O Ocidente longínquo

Da querela dos séculos XVII e XVIII sobre a cronologia chi­nesa, permanece a idéia tenaz de que a civilização chinesa é a mais antiga do mundo. Depois que os séculos XIX e XX nos revelaram a Antigüidade egípcia e depois a babilônica, a civili­zação chinesa, mesmo não lhe devendo nada, viu-se precedida de vários milênios que a jovem arqueologia chinesa não conse­guiu ainda cobrir. O que não impede que muitos historiadores concordem na estimativa de que a China havia conquistado um avanço global- tecnologia e nível de produção - sobre o Oci­dente em torno do século III antes da nossa era, avanço que ela só perderá por volta do século XV. Dito isso, a marcha das ci­vilizações não é, evidentemente, uma competição onde cada uma delas avançaria sobre um mesmo trajeto. É inútil demorar-se sobre esses problemas espinhosos e complexos de civilizações comparadas.

No que se refere ao conhecimento que os dois grandes im­périos em expansão das extremidades da Eurásia tinham um do outro, é preciso também conceder à China um avanço relativo.

A seda figurava entre os distantes produtos de luxo de que a triunfante Roma estava ávida. Virgílio (c.70-19 a.c.) já aludia aos finos veios que os Seres arrancam com pentes das folhas de certas árvores. Plínio, o Jovem (61-c.114), que lamenta a fuga de metais preciosos devido a esse luxo inútil, uma centena de milhões de sestércios por ano, segundo afirma, não parece mais bem informado, ao falar dessas pessoas "célebres pela lã de suas florestas: os homens destacam a penugem branca das folhas regando-as com água; depois as mulheres executam o duplo trabalho de dobar e de tecer ( ... )"

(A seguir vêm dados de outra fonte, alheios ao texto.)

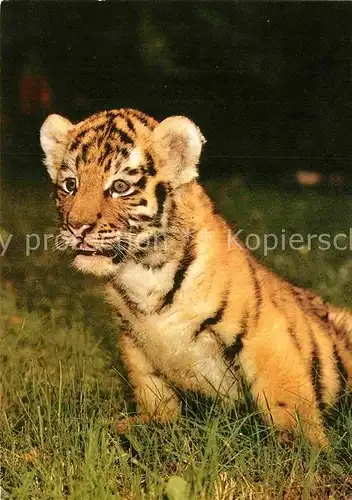 AK / Ansichtskarte Tiger Tiere Sibirischer Tiger Zoo Magdeburg Kat. Tiere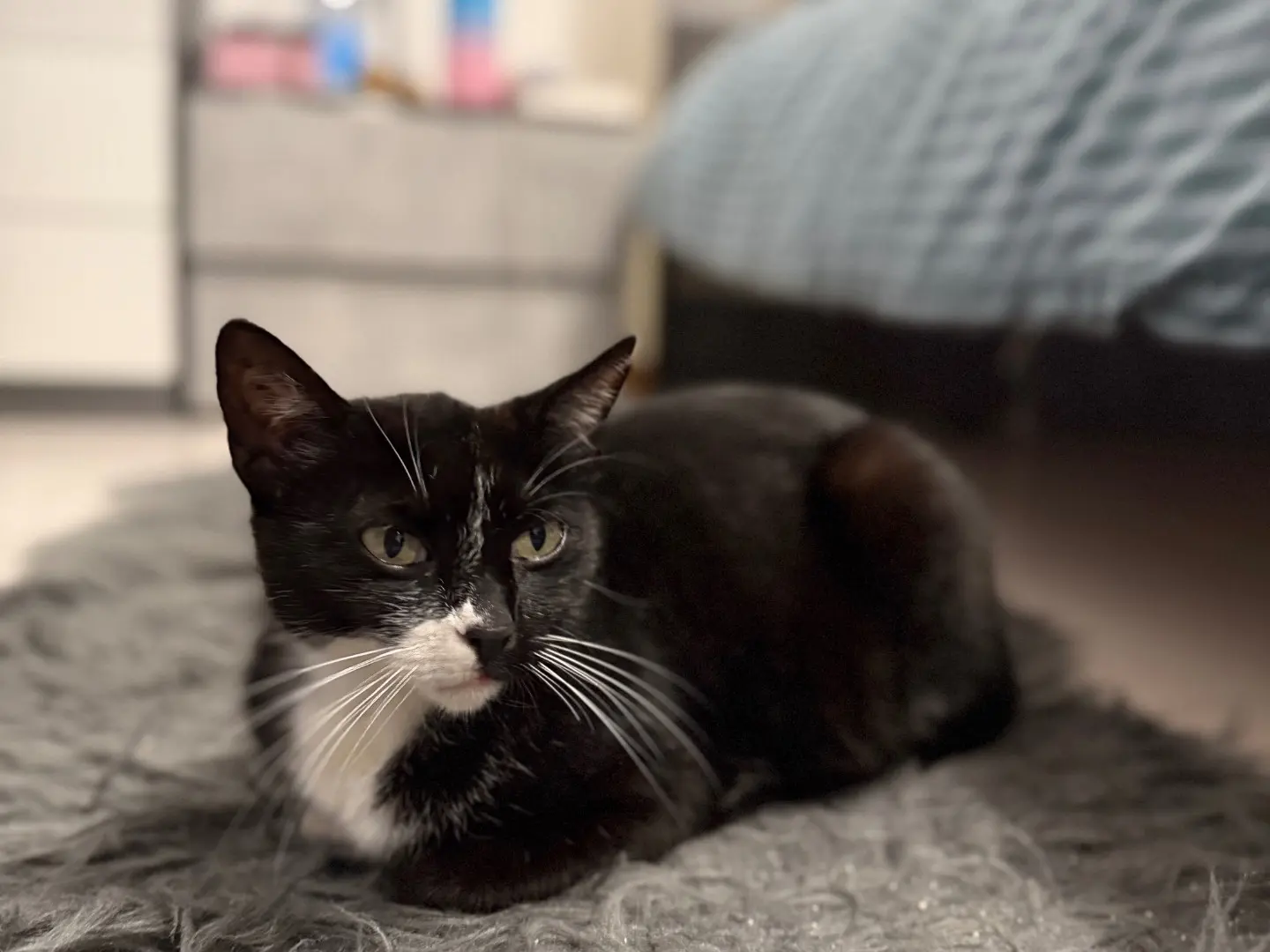Adozione gatto, femmina, Razza sconosciuta Razza sconosciuta, 2 anni e 7 mesi, taglia non valida, Pescara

Transportada em uma bola compacta, a seda, ao que cons­ta, era separada em Roma. Era, então, teci da, transformando-se em um produto de uma transparência que permitia às mulheres parecerem nuas mesmo estando vestidas - "ut denudet feminas vestis", escreve Plínio.

Era evidentemente difícil de imaginar que esse produto têxtil maravilhoso fosse tirado do casulo da lagarta, mesmo que os chineses conhecessem seu uso desde o neolítico. Os romanos não parecem ter sabido muito mais do que isso, nem mesmo ler tido alguma vaga idéia da existência de um poderoso impé­rio no Oriente extremo.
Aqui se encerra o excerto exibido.